Are the Dodgers seriously considering these oft-injured pitchers as relievers on their playoff roster?

Manager Dave Roberts insists the answer is yes — and not only as relievers, he said, “but also as a potential fourth starter.”

Clayton Kershaw has started Game 4 of the National League division series on short rest in each of the last three years, and he likely will do so again this year. His arm is 90 innings fresher than it was at this time last year, because he spent two months on the disabled list because of a back injury.


Kershaw is set to start Game 1, with Rich Hill in Game 2 and Kenta Maeda in Game 3. If Kershaw does not start Game 4, rookie Julio Urias likely will do so.

But, for a runaway division winner, the Dodgers’ bullpen is curiously unsettled on the eve of the playoffs. Closer Kenley Jansen, setup men Joe Blanton and Pedro Baez and left-hander Grant Dayton appear to be the only locks for spots in the postseason bullpen.

That leaves probably four spots up for grabs, and long relief would not appear to be a priority if Ross Stripling and/or Alex Wood are included. Roberts conceded the challenge of getting Anderson or McCarthy warmed up quickly.

“These guys are starters, so it takes them longer than a normal reliever would,” Roberts said. “We’ll have to figure out a way to get it done, if that’s the direction we decide to go.”

On Thursday, the Dodgers alerted Anderson when he would pitch, so he had plenty of time to warm up. They also let him start an inning, rather than rush him into the game in the middle of an inning. But Thursday’s game counted for nothing, and a postseason game might not offer the Dodgers the luxury of mapping out their pitching.

Anderson said he thought he could handle a bullpen role. In 2013, he made five relief appearances in an 11-day span for the Oakland Athletics. He said he could get up when the bullpen phone rings, throw 10 warmup pitches and get into the game.

“I don’t think I can do that today after throwing 40 yesterday,” he said Friday, a broad smile on his face. “Going forward, I don’t see any issue with that.”


Left might be right

The Dodgers’ greatest weakness has been exposed so loudly and repeatedly that Roberts has heard plenty about it. The Dodgers cannot hit left-handed pitching.

“There’s been this narrative that I kind of bought into — not looking at the win-loss — that we were completely abysmal,” Roberts said.

The Dodgers entered play Friday ranking last in the major leagues in batting average (.216) and OPS (.634) against left-handers. Even right-handed hitters Justin Turner and Howie Kendrick have hit better against right-handers than left-handers this season.


Yet the Dodgers are 22-21 in games started by opposing left-handers — yes, a winning record.

“The point of baseball is to win games, and to win more than you lose,” Roberts said. “Even against left-handed pitching, we’re still winning more than we’ve lost.

“It’s not even a conversation I have with the players.

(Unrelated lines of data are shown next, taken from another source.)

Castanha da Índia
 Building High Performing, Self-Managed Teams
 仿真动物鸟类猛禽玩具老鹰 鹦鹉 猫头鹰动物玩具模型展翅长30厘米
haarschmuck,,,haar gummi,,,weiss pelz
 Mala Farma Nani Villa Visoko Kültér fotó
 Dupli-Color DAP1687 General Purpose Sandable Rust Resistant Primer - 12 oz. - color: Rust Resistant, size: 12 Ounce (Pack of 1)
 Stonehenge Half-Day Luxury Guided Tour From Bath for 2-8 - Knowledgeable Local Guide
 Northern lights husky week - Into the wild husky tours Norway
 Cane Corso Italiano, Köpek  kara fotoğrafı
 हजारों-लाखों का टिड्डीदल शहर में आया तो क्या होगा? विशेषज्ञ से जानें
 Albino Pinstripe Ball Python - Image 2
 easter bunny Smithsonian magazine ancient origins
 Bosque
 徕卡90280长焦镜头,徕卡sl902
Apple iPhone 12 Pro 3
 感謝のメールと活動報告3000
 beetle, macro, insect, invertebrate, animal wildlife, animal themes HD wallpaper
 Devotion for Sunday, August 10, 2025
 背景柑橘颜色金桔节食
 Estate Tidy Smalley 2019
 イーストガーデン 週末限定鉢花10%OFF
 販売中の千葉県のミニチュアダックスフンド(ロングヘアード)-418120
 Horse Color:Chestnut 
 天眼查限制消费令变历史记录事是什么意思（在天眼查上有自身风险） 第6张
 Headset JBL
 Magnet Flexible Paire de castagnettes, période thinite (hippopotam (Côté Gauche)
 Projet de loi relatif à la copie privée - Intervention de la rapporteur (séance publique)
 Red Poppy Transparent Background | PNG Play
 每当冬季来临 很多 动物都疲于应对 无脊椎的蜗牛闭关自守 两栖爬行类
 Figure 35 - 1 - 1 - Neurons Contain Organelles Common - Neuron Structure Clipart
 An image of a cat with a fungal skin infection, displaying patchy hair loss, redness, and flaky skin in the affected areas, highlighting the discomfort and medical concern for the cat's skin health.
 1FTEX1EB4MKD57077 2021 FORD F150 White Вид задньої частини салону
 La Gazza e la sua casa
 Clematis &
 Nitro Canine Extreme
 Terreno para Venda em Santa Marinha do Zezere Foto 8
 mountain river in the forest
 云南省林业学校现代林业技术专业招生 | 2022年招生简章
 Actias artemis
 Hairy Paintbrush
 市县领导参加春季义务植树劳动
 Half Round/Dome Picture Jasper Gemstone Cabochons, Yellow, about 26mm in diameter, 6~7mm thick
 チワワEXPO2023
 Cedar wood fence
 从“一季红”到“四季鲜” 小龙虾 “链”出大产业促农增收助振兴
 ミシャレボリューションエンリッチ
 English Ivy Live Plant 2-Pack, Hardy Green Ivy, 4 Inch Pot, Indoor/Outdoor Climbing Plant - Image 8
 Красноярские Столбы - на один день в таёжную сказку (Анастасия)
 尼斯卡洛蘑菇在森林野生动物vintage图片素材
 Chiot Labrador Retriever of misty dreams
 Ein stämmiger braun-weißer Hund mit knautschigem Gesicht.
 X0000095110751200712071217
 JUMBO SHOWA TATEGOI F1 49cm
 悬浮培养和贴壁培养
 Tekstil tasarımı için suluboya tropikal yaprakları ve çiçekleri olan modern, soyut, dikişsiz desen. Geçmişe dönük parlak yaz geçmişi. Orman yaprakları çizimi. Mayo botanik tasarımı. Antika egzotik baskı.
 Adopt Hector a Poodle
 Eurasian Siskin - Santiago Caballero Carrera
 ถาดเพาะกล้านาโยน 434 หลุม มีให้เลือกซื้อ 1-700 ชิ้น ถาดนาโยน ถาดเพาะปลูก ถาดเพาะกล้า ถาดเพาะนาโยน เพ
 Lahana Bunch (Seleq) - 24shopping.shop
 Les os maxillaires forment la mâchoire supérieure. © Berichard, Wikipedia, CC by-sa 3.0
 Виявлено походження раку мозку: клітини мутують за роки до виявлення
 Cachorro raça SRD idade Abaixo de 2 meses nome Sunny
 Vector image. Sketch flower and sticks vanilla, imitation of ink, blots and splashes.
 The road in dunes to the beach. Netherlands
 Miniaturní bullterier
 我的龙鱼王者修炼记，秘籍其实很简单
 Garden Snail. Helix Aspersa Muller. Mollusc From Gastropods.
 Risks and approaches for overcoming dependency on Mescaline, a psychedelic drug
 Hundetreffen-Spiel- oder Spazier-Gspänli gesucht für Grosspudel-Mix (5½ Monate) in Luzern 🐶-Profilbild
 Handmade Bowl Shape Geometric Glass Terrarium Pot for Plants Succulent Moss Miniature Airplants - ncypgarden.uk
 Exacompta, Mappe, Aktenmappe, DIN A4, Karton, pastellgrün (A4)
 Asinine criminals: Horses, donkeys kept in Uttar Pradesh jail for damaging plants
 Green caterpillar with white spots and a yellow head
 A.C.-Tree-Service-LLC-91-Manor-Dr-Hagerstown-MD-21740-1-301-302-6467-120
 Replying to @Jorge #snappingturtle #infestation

It’s just kind of, oh wow, I didn’t realize that.”

Honor roll


Turner was nominated by his fellow major leaguers as one of three finalists for the Marvin Miller Man of the Year award, in recognition of his “on-field performances and contributions to his community.” Other Dodgers finalists for the players’ union honors: Kershaw as NL outstanding pitcher, Corey Seager as NL outstanding rookie and Hill as NL comeback player.